Hi, I’m looking at the performance of an existing Event Store environment. Are there any good benchmarks of event store on different hardware configurations and different configuration file settings. Such as changes to number of threads used for workers / readers for example.
Thanks, Ross
To add some extra background - Event store running on an Ubuntu VM with 20 CPU Cores, 24GB memory, SSD Storage, database is around 150GB, and we are seeing SLOW QUEUE MSG in the logs and I’m looking at how to alleviate this. Multiple user projections and the system ones. Thanks, Ross
Also, This instance is not HA, it’s single node in a dev environment.
Without the actual SLOW QUEUE msgs we wouldn’t know which queue is being slow Different queues can be slow for different reasons… Can you provide it? Also how often are you seeing these messages, and under what load do you see them?
Cheers,
Greg
Thanks for the quick reply Greg At the moment its running through a couple of system projections as they have been off for a while, but still see them if i stop those ones and leave just the user projections that are also catching up. Writes from new events at the moment are low, 10’s per second.
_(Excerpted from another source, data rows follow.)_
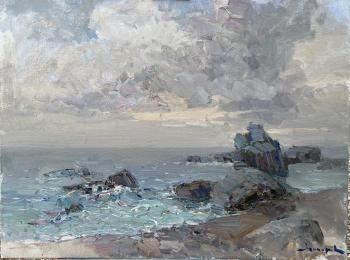 After the storm. Makarov Vitaly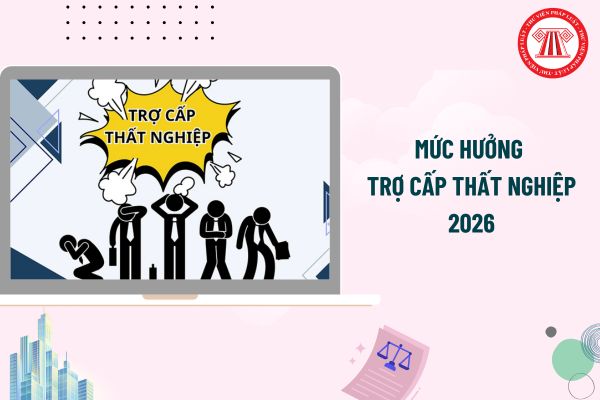 Pháp luật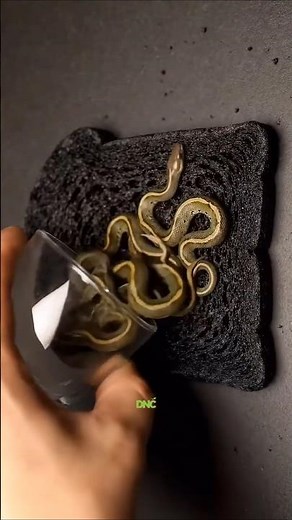 Doctors Don’t Want You to Know This Kitchen Secret for Burns! 🔥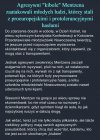Konfederosja Mentzena, to stan umysłu!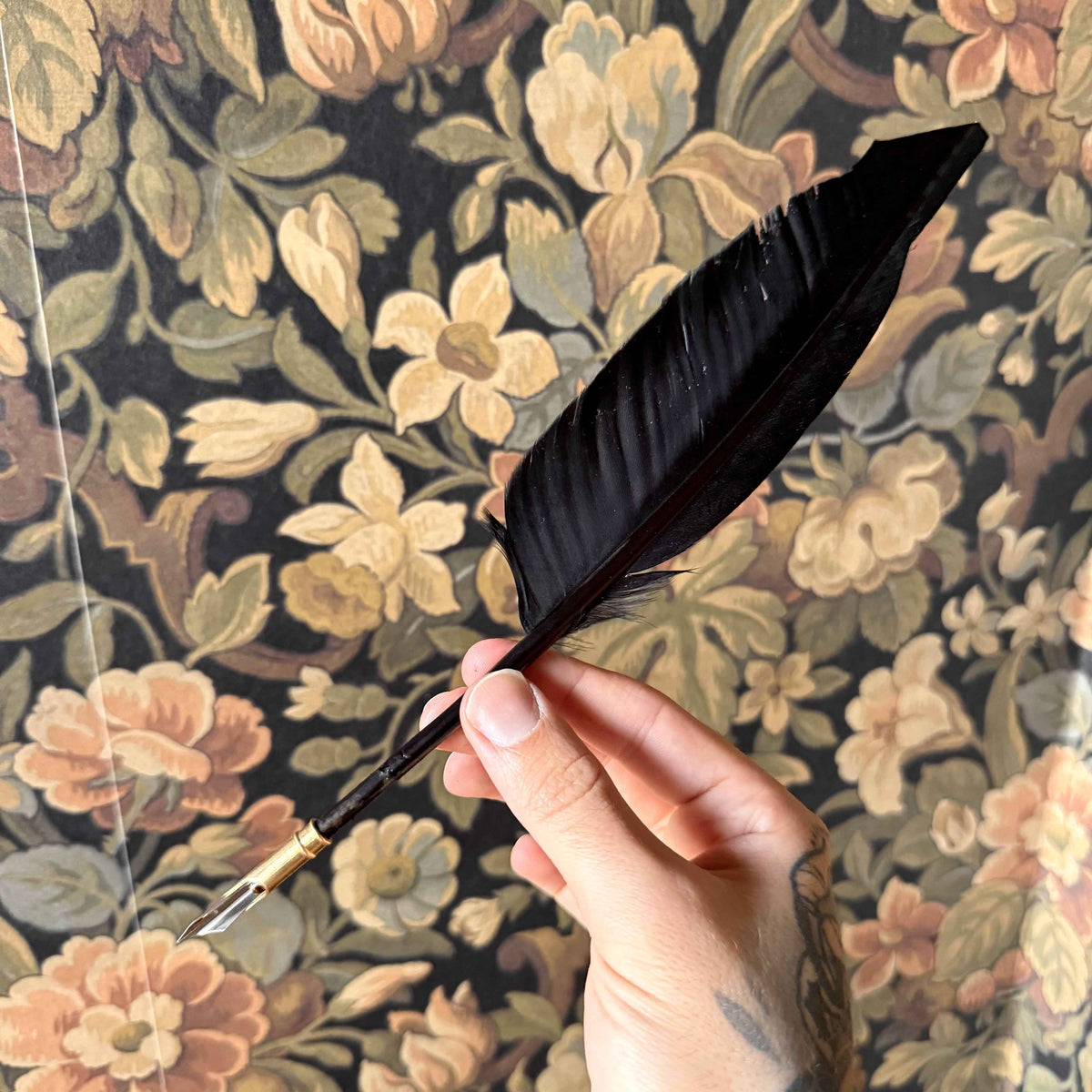 The Shadow Scribe – Black Goose Feather Quill with Brass Nib Holder
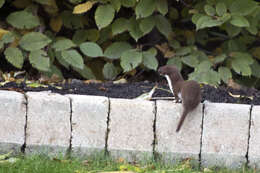 Image of least weasel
Log is continuous with them:
{
“PID”: “91015”,
“ThreadID”: “62”,
“Date”: “2019-02-28T18:45:58.774076Z”,
“Level”: “Trace”,
“Logger”: “QueuedHandlerThreadPool”,
“Message”: “SLOW QUEUE MSG [{queue}]: {message} - {elapsed}ms. Q: {prevQueueCount}/{curQueueCount}.”,
“EventProperties”: {
“queue”: “StorageReaderQueue #4”,
“message”: “ReadAllEventsForward”,
“elapsed”: 222,
“prevQueueCount”: 1,
“curQueueCount”: 1
}
}
{
“PID”: “91015”,
“ThreadID”: “53”,
“Date”: “2019-02-28T18:45:58.828095Z”,
“Level”: “Trace”,
“Logger”: “QueuedHandlerThreadPool”,
“Message”: “SLOW QUEUE MSG [{queue}]: {message} - {elapsed}ms. Q: {prevQueueCount}/{curQueueCount}.”,
“EventProperties”: {
“queue”: “MonitoringQueue”,
“message”: “GetFreshStats”,
“elapsed”: 892,
“prevQueueCount”: 0,
“curQueueCount”: 0
}
}
ok so the monitoring queue (GetFreshStats) is likely no issue at all, it comes up on some systems, getting statistics can vary in speed etc… This is an occasional operation and should not change overall performance (its just pulling stats on an interval on a bg thread, I am making a note that we might want to increase this value).
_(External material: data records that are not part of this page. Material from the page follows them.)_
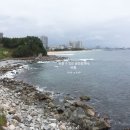 베니키아호텔산과바다속초 이미지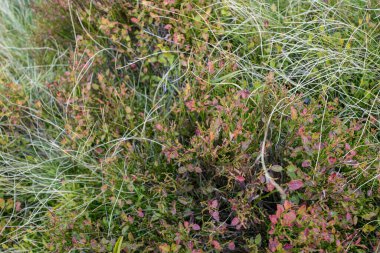 Naif, ahşap çitli bir ev. Yüksek kalite fotoğraf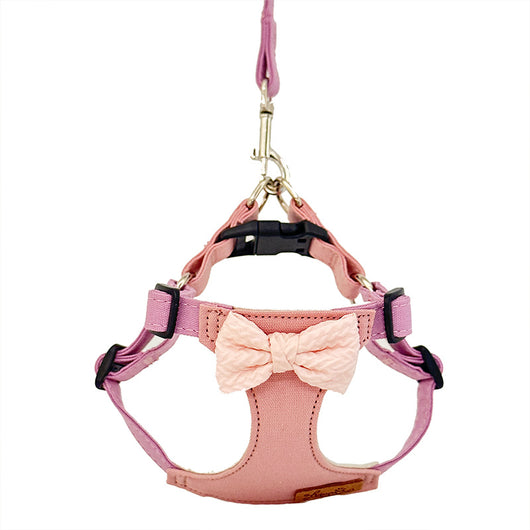 Chaleco Arnés de Cuerda para Perros Pequeños - Image 12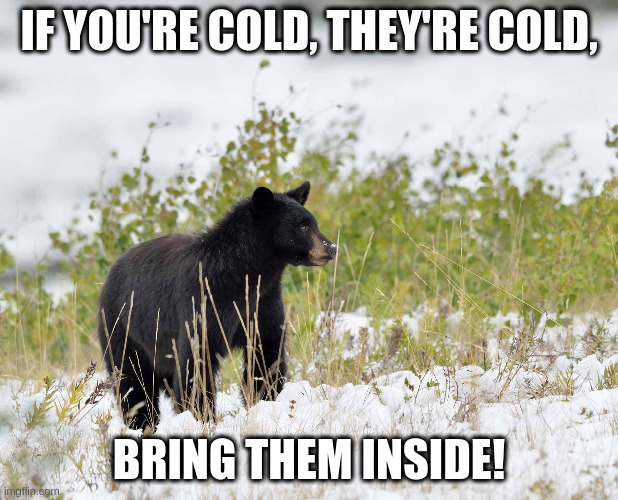 cold bear | IF YOU'RE COLD, THEY'RE COLD, BRING THEM INSIDE! | image tagged in bear | made w/ Imgflip meme maker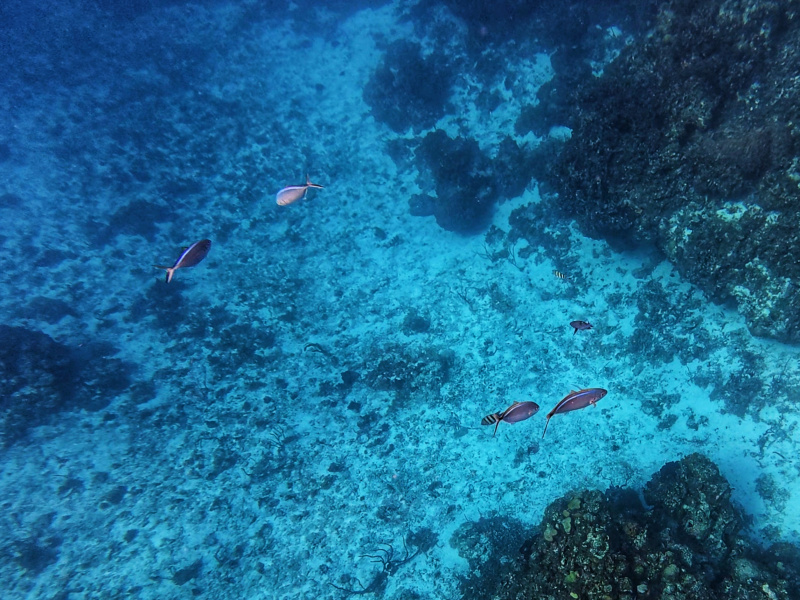 dji_export_photo_20260122062319759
For the other message. How many storage reader messages like this are you getting? These can happen especially if other operations are queued etc for the disk etc (do you monitor disk queues?). In this case it was about 200ms on a read (I can’t see the count (eg size) being used here which is also important (making a note to add it)). Overall this can be many things and if messages are occasional it should not be an issue (disk queue had 50 items in front as example because something else was doing IO etc).
So I’ve done some testing with dd with various read / write sizes on the VM and can get 1GB/s write, 5GB/sec read 1GB/sec uncached read - about what i was expecting for larger files. However, with ES running (system projections off and user projections on - loading up from events not seen yet) iostat is showing near 100% utilisation, high queue and only 10MB/s reads. I’ve tried playing with number of reader threads from 20 - 1, to benchmark differences - all similar. I’ve not looked at host storage stats yet, will try to tomorrow. Wrt the storage reader messages - see this a lot with 20 reader threads, not as often when only 1 (but still there).
Do you have any good benchmark IO tests parameters I can use which roughly simulate ES IO in different scenarios?
Also, With regards to reader / worker thread etc, what numbers should be aimed for? Are the reasons to use different from the defaults in any scenarios?